Finding Your People
There's a kind of loneliness that has almost nothing to do with how many people are in the room. You can have a good marriage, a full house, a church you love, a phone full of contacts, and still feel it. It's the ache of not having people who are walking in the same direction you are, with the same hunger for God that you carry. You can be surrounded and still feel like you're walking your road by yourself.
I want to take you to a road today. A real one.
In Rome there is an ancient road called the Via Appia, the Appian Way. It was built in 312 BC, more than three hundred years before Jesus was born, and long stretches of it are still there. You can walk on the original black basalt stones, the same volcanic paving that was laid down by Roman hands before the birth of Christ. I live in Pennsylvania, where our roads can barely survive a single winter, and yet these stones have held for more than two thousand years. When we take our groups to Rome, we walk on it. And we walk it for a reason. The Appian Way was the road into the city from the south, and Scripture tells us the Apostle Paul walked this very road.
Here is the moment I want you to see. It's tucked into Acts 28, and most of us read right past it.
And from there the brothers and sisters, when they heard about us, came as far as the Market of Appius and the Three Inns to meet us; and when Paul saw them, he thanked God and took courage. (Acts 28:15)
Picture where Paul is when this happens. He has survived a shipwreck. He has been beaten, imprisoned, and carried across the sea in chains toward a trial he cannot predict. He wrote to the church in Rome years earlier and told them he longed to see them, but he had never actually been there, and he had never met most of them face to face. Now he is finally arriving, and he is arriving as a prisoner under guard. He is worn down by the very call of God that put him on this road.
And then word reaches the believers in Rome that Paul is coming. They don't wait for him at the city gate. They get up and walk out to meet him. One group came as far as the Market of Appius, about forty-three miles from Rome. Another came to the Three Inns, about thirty-three miles out. On foot. Down the same road you can still walk today. These were people who had never met Paul, walking miles into the countryside so he wouldn't have to walk that last stretch alone.
Community doesn't remove the hard road. It means you don't have to walk it by yourself.
Luke tells us exactly what it did to Paul. He thanked God and took courage. The word there for courage means confidence, boldness, the strength to face what's ahead. And notice what did not change. The chains were still on. The trial was still coming. Nothing about his circumstances shifted in that moment on the road. But something lifted anyway, because he was no longer alone. His people had come for him.

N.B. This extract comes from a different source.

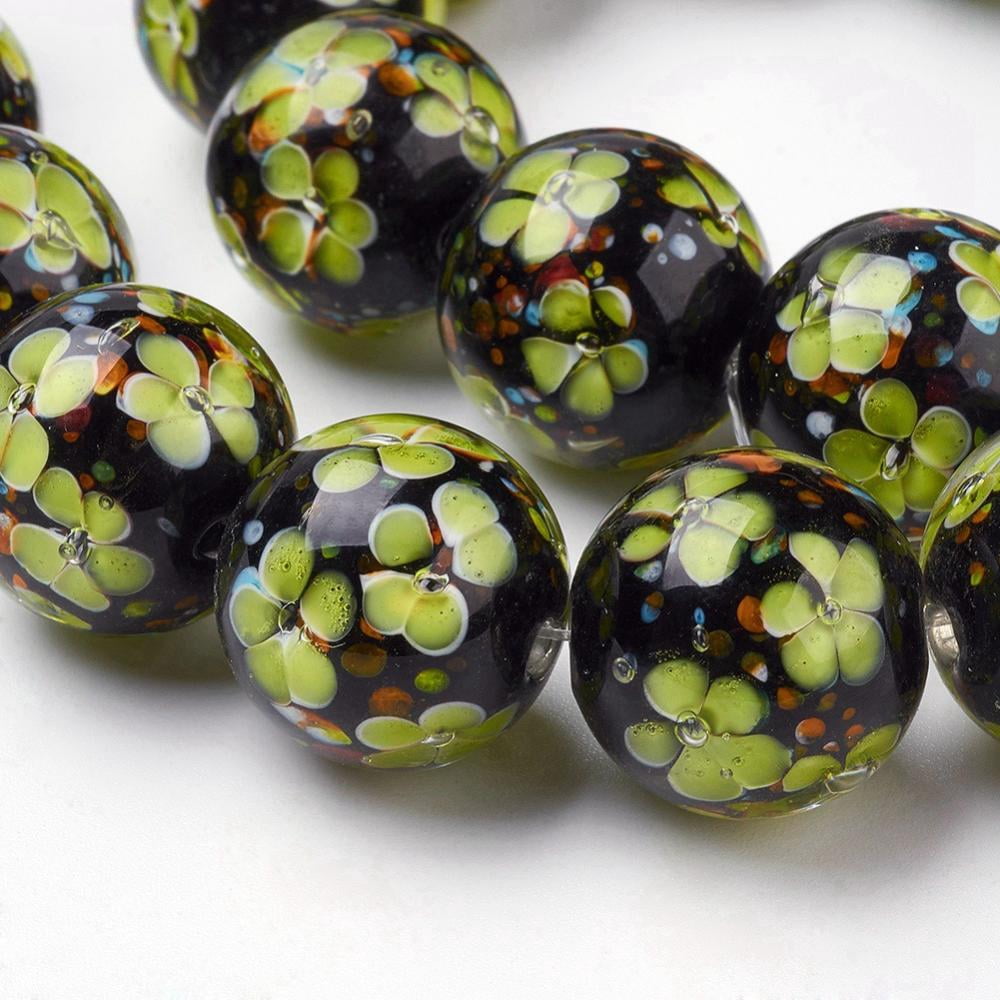 1 strand Handmade Inner Flower Lampwork Beads Strands Round Green Yellow 19~20mm Hole: 2.5mm 18pcs/strand 12.99 inch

I have watched this same thing happen on that road with my own eyes, and I can barely explain it when it does. Women sign up for these trips, sometimes by themselves, nervous and unsure, not knowing a single other person. And somewhere along the way, usually sooner than they expect, they look up and realize the strangers they started the week with have become their people. They're praying for each other. They're walking the road together. They've found the family they didn't know they were missing.
One of the women who came last year came alone and didn't know anyone. Near the end of the week, we reached a stretch of the Appian Way lined with these particular trees I've only ever seen in Italy, and the afternoon sun broke through. And she heard the Holy Spirit say to her, Welcome. I've been waiting for you. She thought she was the one who had chosen the adventure. She realized on that road that God had been the one drawing her the whole time. That's a moment she will carry for the rest of her life, and it was never on my itinerary. I have my agenda. God has His own.

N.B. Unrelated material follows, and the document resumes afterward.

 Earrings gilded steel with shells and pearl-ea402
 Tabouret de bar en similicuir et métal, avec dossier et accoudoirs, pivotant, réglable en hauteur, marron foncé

Here is what I want you to hear, whether you ever walk that road in Rome or not. You were never meant to walk your road alone. The life of a believer was never designed to be a solo journey. From the very beginning, God set His people in families, in communities, on the road together. And when Paul, the greatest missionary who ever lived, was at one of the lowest points of his life, what God sent him was not a vision or a sign. It was people. People walking down a road to meet him.
So let me ask you the question I can't stop asking. Who is walking your road with you right now? And if the honest answer is no one, not really, then I want to gently challenge you to do something about it. It will cost you something. It will mean going somewhere you wouldn't normally go, or talking to someone you wouldn't normally talk to, or stepping past the comfort of staying home. But you were made for the kind of community that comes out to meet you on the road. And that can change everything.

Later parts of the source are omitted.